On Using And Not Using ClassDojo*: Ideological Differences?

In a recent guest post, two British Columbia (Canada) primary grade teachers took opposite sides in discussing their use and non-use of the free behavioral management tool called ClassDojo. As described by the reporter in the above article, ClassDojo is software that “allows teachers to give students points to reinforce positive behaviors, assign negative points for undesirable behaviors and allows teachers to track behavior data over time, sharing with parents and administrators through reports.”

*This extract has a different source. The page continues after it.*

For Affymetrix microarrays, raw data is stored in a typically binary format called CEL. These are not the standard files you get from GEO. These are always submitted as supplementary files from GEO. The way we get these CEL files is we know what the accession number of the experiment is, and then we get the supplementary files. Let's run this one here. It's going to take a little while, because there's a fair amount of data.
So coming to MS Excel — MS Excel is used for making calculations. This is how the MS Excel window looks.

I was struck by what appeared to be strong differences between the two teachers over how (or whether) the high-tech tool should be used. Here I will summarize each teacher’s points, offer other teachers’ first-hand experiences, and then add what I learned based on my reading and an interview I had with a first-grade teacher using ClassDojo. There is an underlying issue over teacher beliefs in how children best learn that weaves in and out of the teachers’ comments, an issue I address at the end of the post.

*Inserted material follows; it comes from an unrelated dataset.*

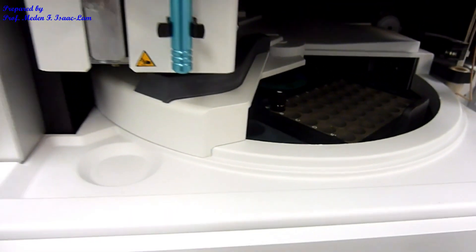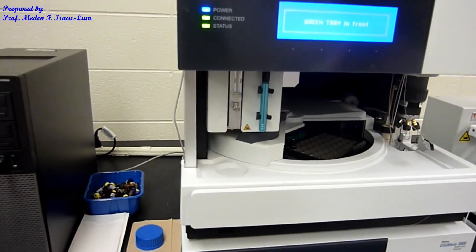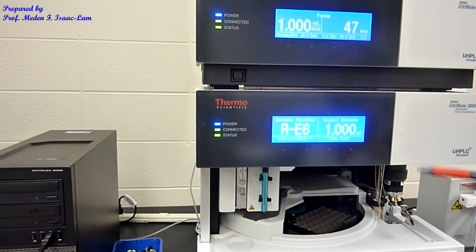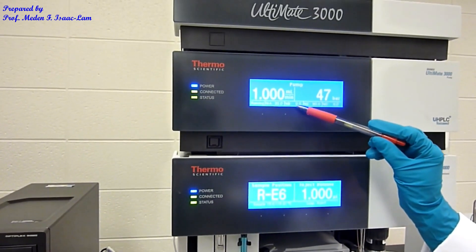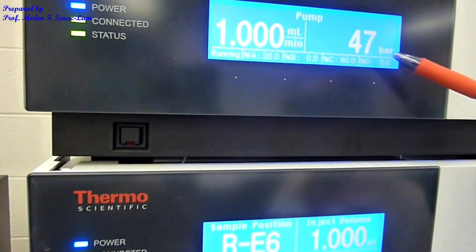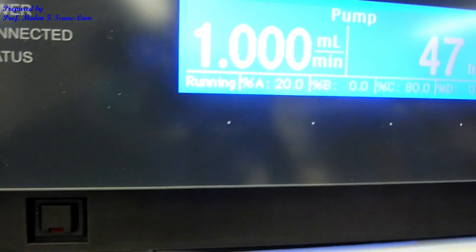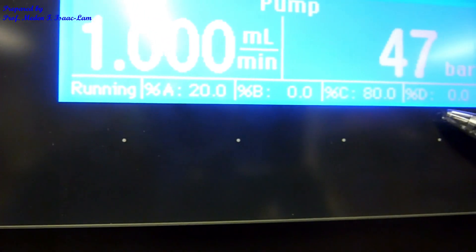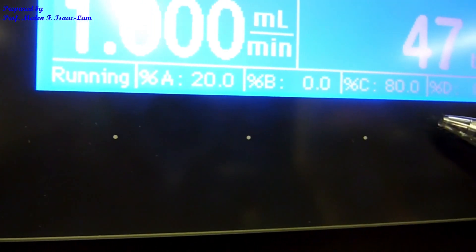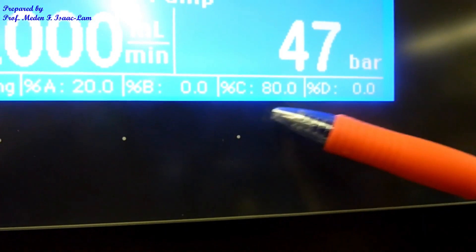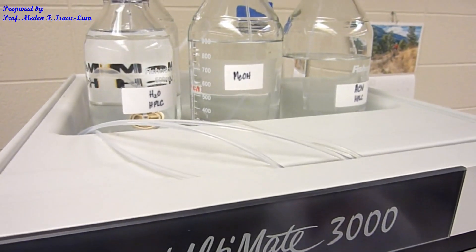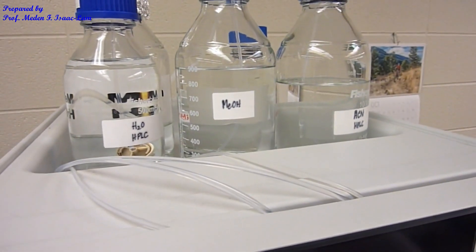The HPLC stands for high-performance liquid chromatography, or high-pressure liquid chromatography. It has a flow rate — I set it at 1 mL per minute — and the pressure is 47 bar. Right now, the combination of solvents is A, B, C, D: A is water, B is methanol, C is acetonitrile. The solvent mixture is 80% acetonitrile and 20% water. For every chromatography, we have a mobile phase and a stationary phase.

Karen, the first grade teacher said that the tool was too point-focused and undercut her goals of getting six year-olds to manage their impulses. She admits that she  has not used ClassDojo in her classroom. Her reasons against using the software tool are clearly stated:

1. Class Dojo reinforces external rewards. They may work in the short run but fail over time to get students to regulate their behavior.

2. One-click assessments of children’s behavior miss the complexity of individual students and why they do what they do.

3. It is “humiliating” to display publicly those students who get minus points; shame doesn’t help students learn.

Erin, another primary grade teacher, felt initially that ClassDojo would undermine her belief that students learn best through intrinsic rewards since the tool depended on points, rewards and punishments. Yet she decided to use the software and discovered that ClassDojo reinforced a child’s responsibility for being in class. In the reading and writing workshop she does annually, ClassDojo helped students state and track their expectations in reading and writing. In addition, the software tool collected and displayed information that helped the teaching assistant monitor special needs students’ behavior in the class as well as the overall group’s behavior. In short, Erin used the tool to “go beyond extrinsic rewards.”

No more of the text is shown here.